Lendo esse post e refletindo sobre vinhos, presentes e canalhas eu me lembrei que o Duda Mendonça (personagem central do maior escândalo de corrupção desse país) presenteou na época o então recém-eleito presidente Lula com uma garrafa de Romanée Conti (vinho frances dos mais nobres) que uma garrafa varia (dependendo da safra) de US$ 5.000 até US$ 15.000. Sim dólares.

    Miguel do Rosário

    05/05/2012 - 01h07

    na época falaram em 2 mil reais. e era um presente dado pelo marketeiro mais bem sucedido do país, não um bandidão como Cachoeira, que tentava corromper meia república. Sem esquecer que os vinhos são o de menos, e os 3 milhões de reais?

Monte Alverne

01/05/2012 - 18h48

Abreu, voce disse tudo….na verdade so acreditava no DEMOstenes e na TURMA DELE quem nunca leu a historia critica do Brasil ou entao, acrditava de faz de conta ou, ainda, os correligionarios e admiradores dele tipo o presidente da OAB o Ofir – que so quer ser o TERMO DE REFERENCIA de tudo o que polemica no Brasil. A deblaque é geral. Abreu permita dizer-lhe, voce é excelente como artista e melhora ainda como articulista politico consciente.

Adriano Matos

29/04/2012 - 22h03

Muita gente caiu no conto do Demóstenes àquela época, inclusive o Senador Mercadante. No blog que tinha, fiz um post como espécie de carta aberta ao Senador, conjugado com um rol não exaustivo das armações da oposição: http://essesoueutambem.blogspot.com.br/2009/08/se

Como o Leonardo comenta acima, a democracia brasileira cresce entre dores – em Inglês, acho que a frase 'grow in pains' tem esse significado, de amadurecimento pra dureza da vida.
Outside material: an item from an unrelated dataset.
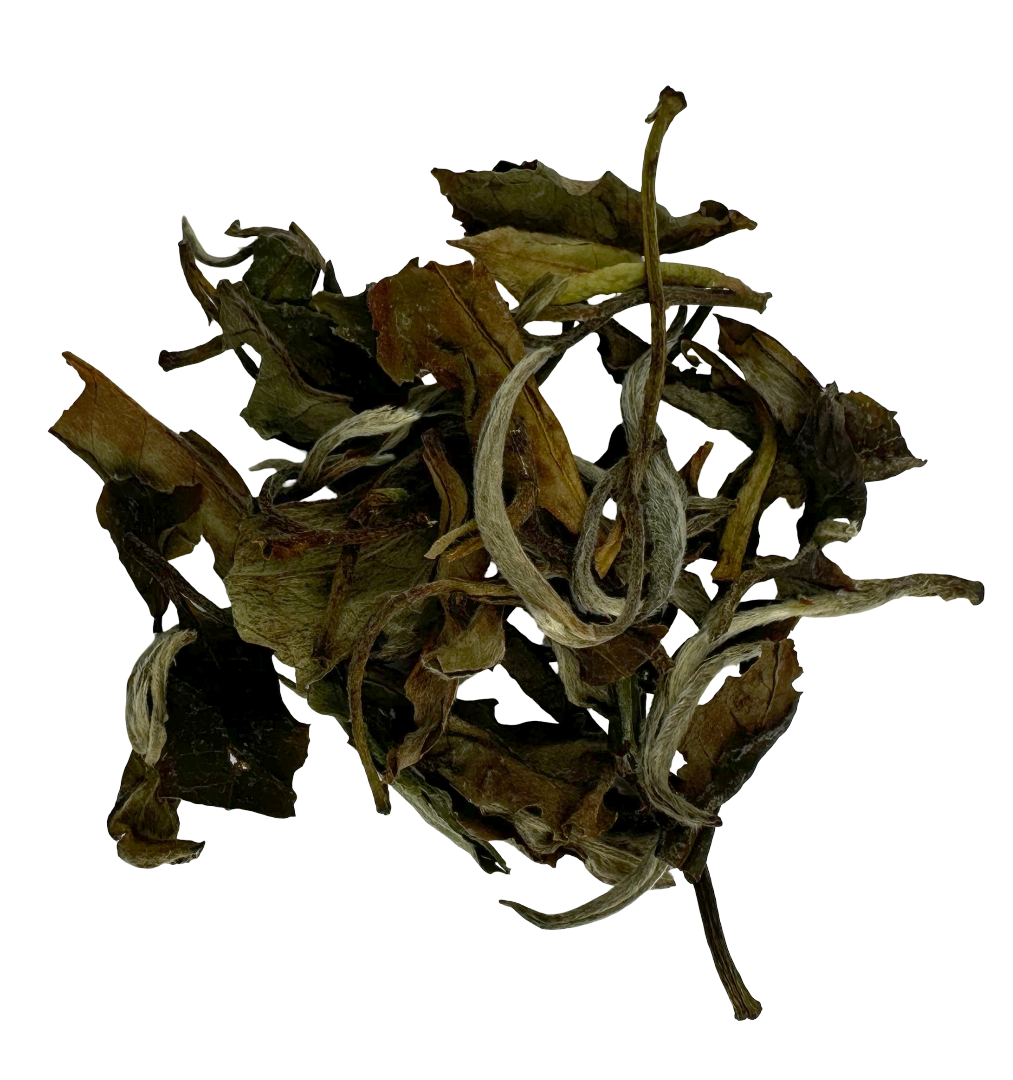 Bai Mu Dan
A blogosfera desempenha um papel importantíssimo, e mais que nunca é nosso papel cidadão não esmorecer e estarmos atentos.
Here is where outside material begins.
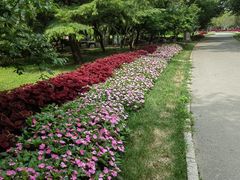 -石家庄市植物园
Obrigado pelo serviço que você presta mantendo o blog.

    Miguel do Rosário

    30/04/2012 - 14h36

    Obrigado a você também, Adriano, pelas participações sempre inteligentes. Abraço.

Leonardo

29/04/2012 - 20h58

Como dizia aquele filósofo, a vingança nunca é plena, mata a alma e a envenena…
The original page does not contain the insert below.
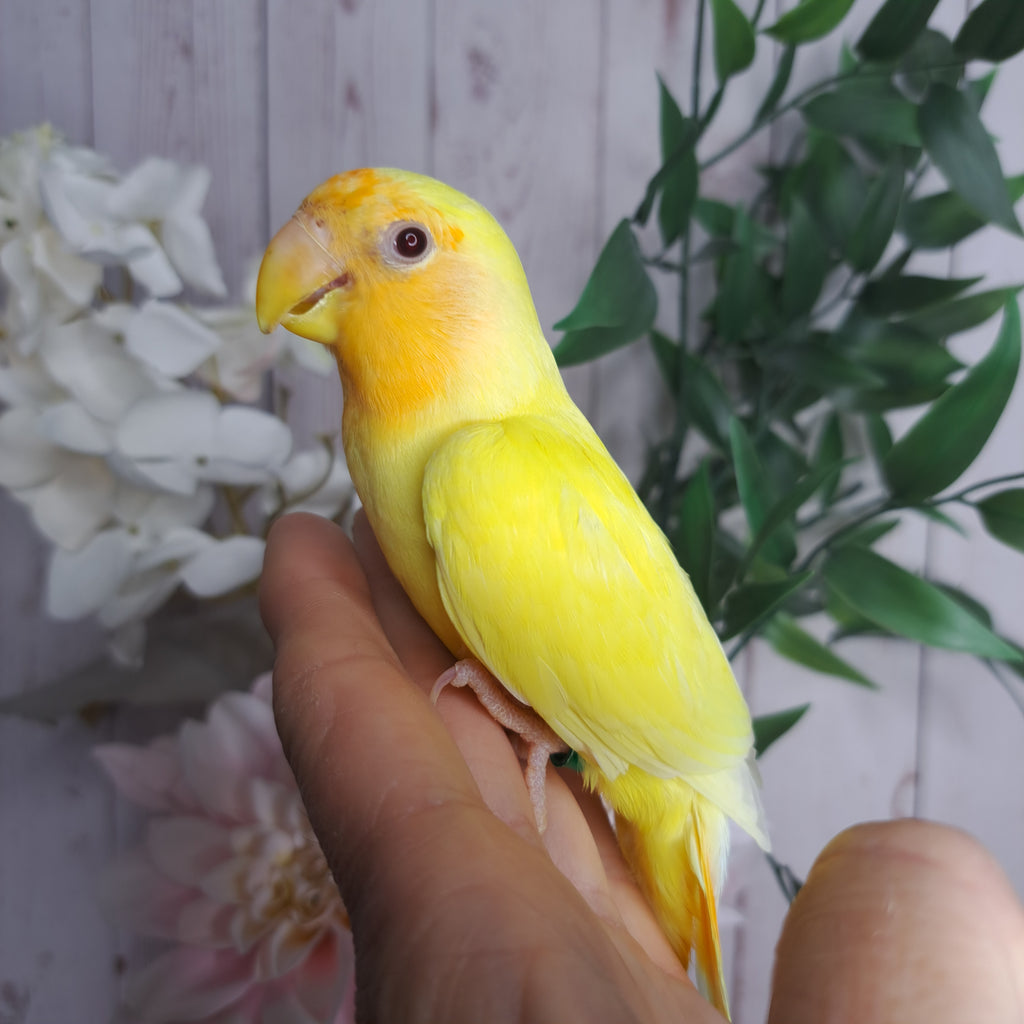 Lovebird- Ring ID: V2149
Tudo isso é culpa nossa, podíamos muito bem ter tomado a pílula "errada" e voltar para a Matrix, assistindo BBB, vendo novela, achando que a Veja é o supra-sumo do extrato de pó de traque, que o JN só diz a verdade… Mas não! Escolhemos sofrer, por nossa própria vontade… Quando vejo certos canalhas dando-se bem, fico com vontade de chorar, mas não desanimo e sigo em frente, Nós vimos a transformação que a Internet ocasionou aqui – na época que prestei vestibular, os professores diziam: "leiam a Veja". Hoje, sendo eu professor, digo aos meus alunos: "fiquem longe da Veja, drogas fazem mal à saúde". Eu ganho pouco, mas me divirto ;) .

Fernando Rojas

29/04/2012 - 19h26

Realmente, é estarrecedor. Mas será positiva se servir como causa enfim para mudar as políticas de comunicação no Brasil.